Pessach não é a Páscoa dos judeus
É natural que as pessoas busquem a compreensão do outro a partir de seus próprios referenciais. Também que, num país que é majoritariamente cristão (mais de 160 milhões) em que haja uma minoria quase irrisória de judeus (cerca de 100 mil), haja pouca compreensão de suas festas e o significado delas. No entanto, pensar que Pessach é a Páscoa dos judeus significa desconhecimento do próprio cristianismo. Afinal, Cristo era judeu e, certamente, comemorou Pessach diversas vezes antes de haver a Páscoa, que celebra a sua ressurreição.
O fato de as datas serem próximas é mera coincidência. Pessach é a comemoração da libertação dos judeus do Egito, onde eram escravos, cerca de 1500 anos antes de Cristo. Liderados pelo profeta Moisés, famílias atravessaram o deserto até o Montei Sinai, para começarem uma vida nova em liberdade. Pode ser que haja alguma conexão mística entre Pessach e o surgimento do cristianismo. Ou que Cristo tenha sido morto na época de Pessach por alguma questão política da época? Mesmo assim, o significado das datas é totalmente independente.
O que a popularização do termo “Páscoa dos judeus” no Brasil (ao que parece isso não ocorre em outros países) faz pensar é no como nos satisfazemos facilmente com verdades simplórias ou, seria dizer, falsas verdades. Alguém algum dia disse algo sobre Pessach e explicou que era a Páscoa dos judeus, então, deve ser isso mesmo. Assim como alguém algum dia falou que o candomblé tem a ver com macumba, então, deve ser isso mesmo. E, claro, todo mundo anda dizendo que os muçulmanos são contra o Ocidente, então, deve ser isso mesmo.

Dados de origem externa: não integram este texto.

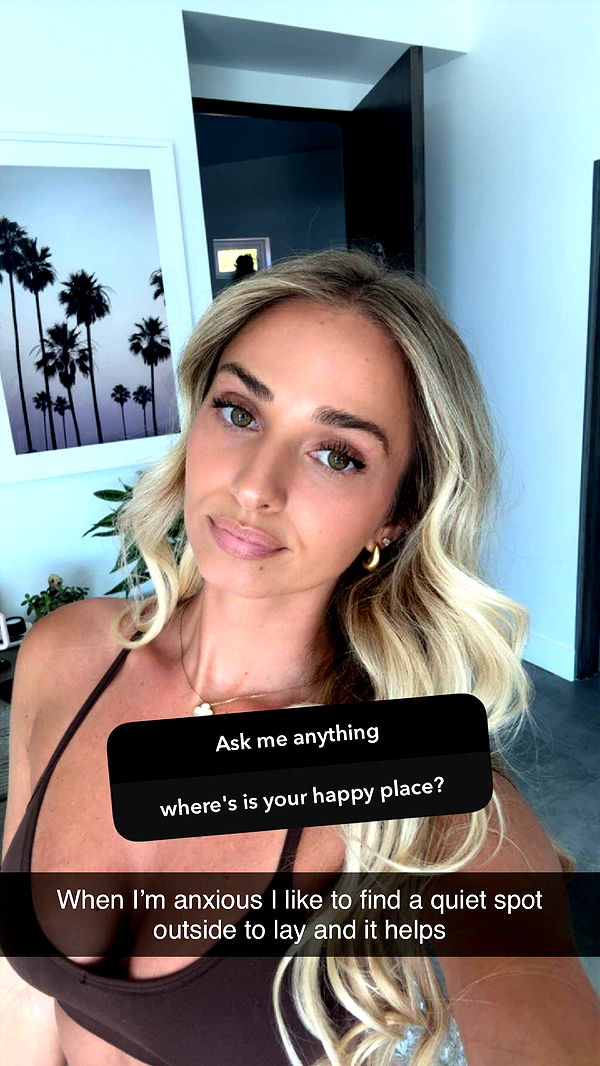 alexaadams30 image ~ Altpins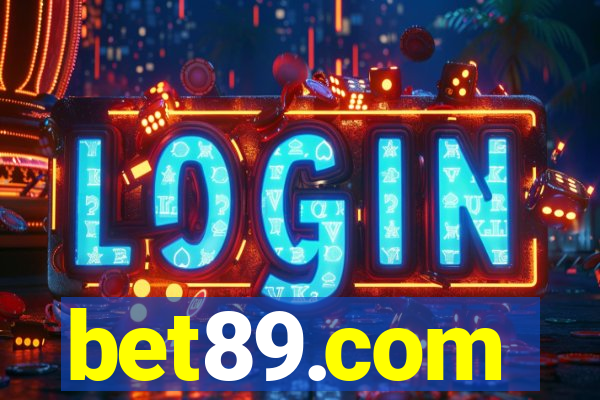 bet89.com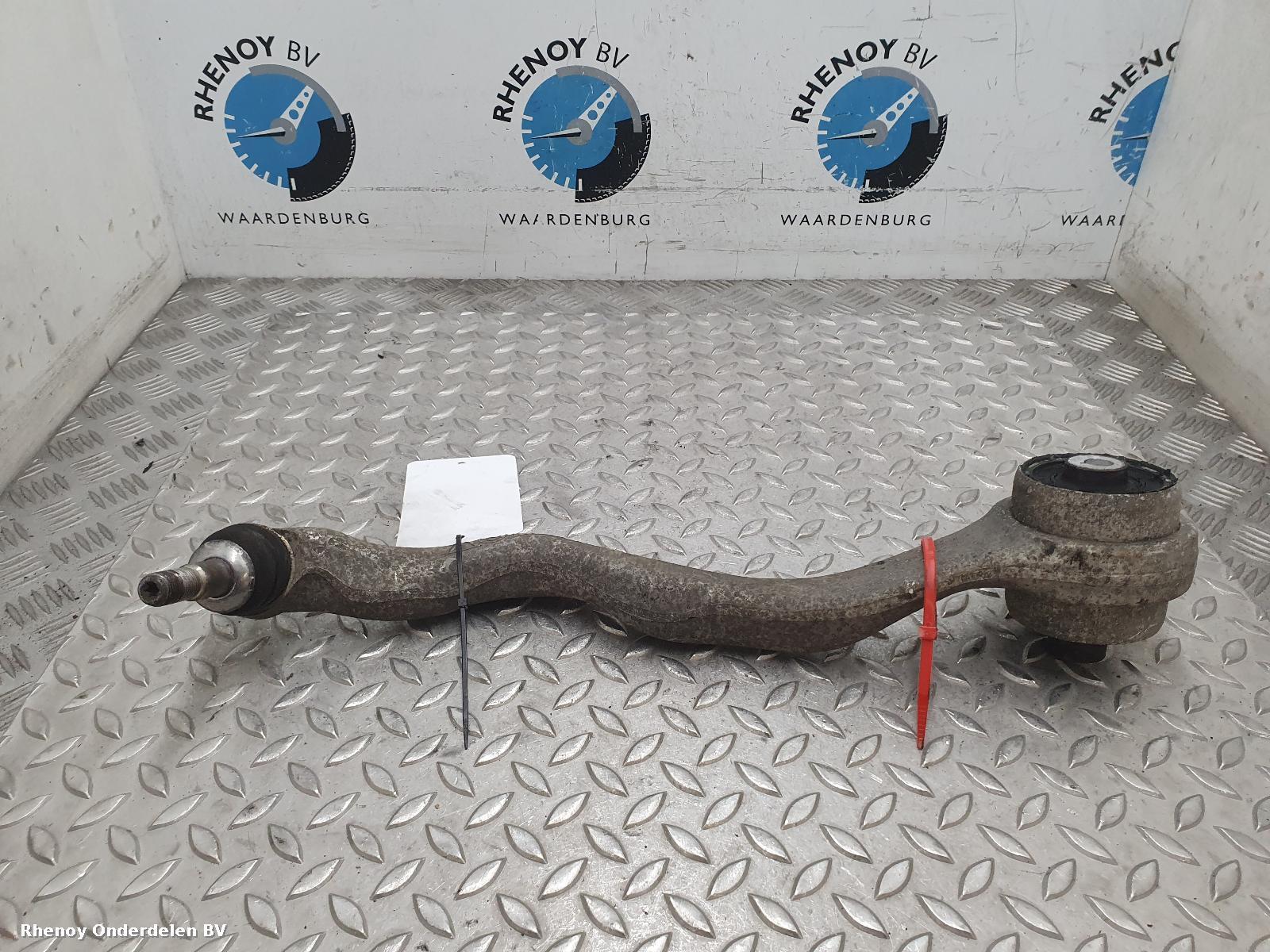 Bekijk Auto-onderdeel DRAAGARM ONDER RV BMW 1 SERIES 2012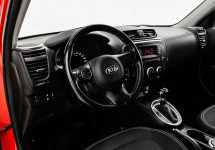 Kia Soul 1,6d AT (128 лс)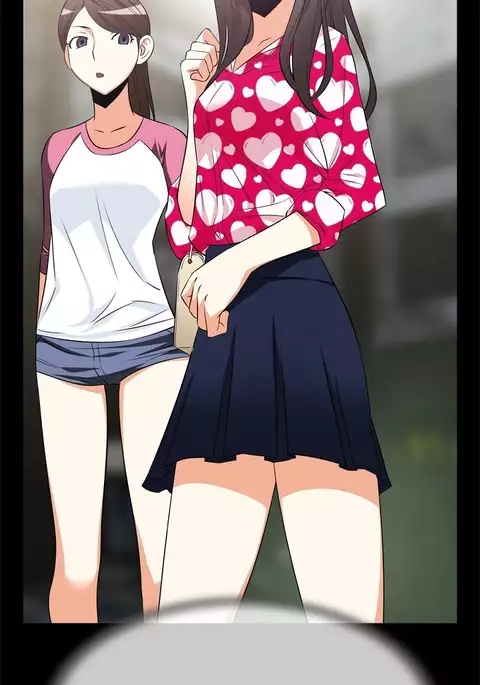 Love Parameter Ch.1-46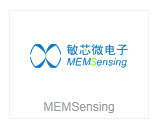 MEMSensing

Esse procedimento de formação de opinião, digamos assim, persiste mesmo numa época em que é tão fácil pesquisar tudo na internet. Se jogarmos Pessach e Páscoa na internet, há todos os esclarecimentos possíveis. Candomblé e macumba, o mesmo. Podemos baixar traduções do Corão e lermos os textos sagrados para formar opinião sobre o islamismo. Para não falar no fato de vivermos num país tão multicultural que podemos ir visitar um terreiro, uma sinagoga ou uma mesquita a qualquer dia, o que seria um ótimo passeio cultural para família.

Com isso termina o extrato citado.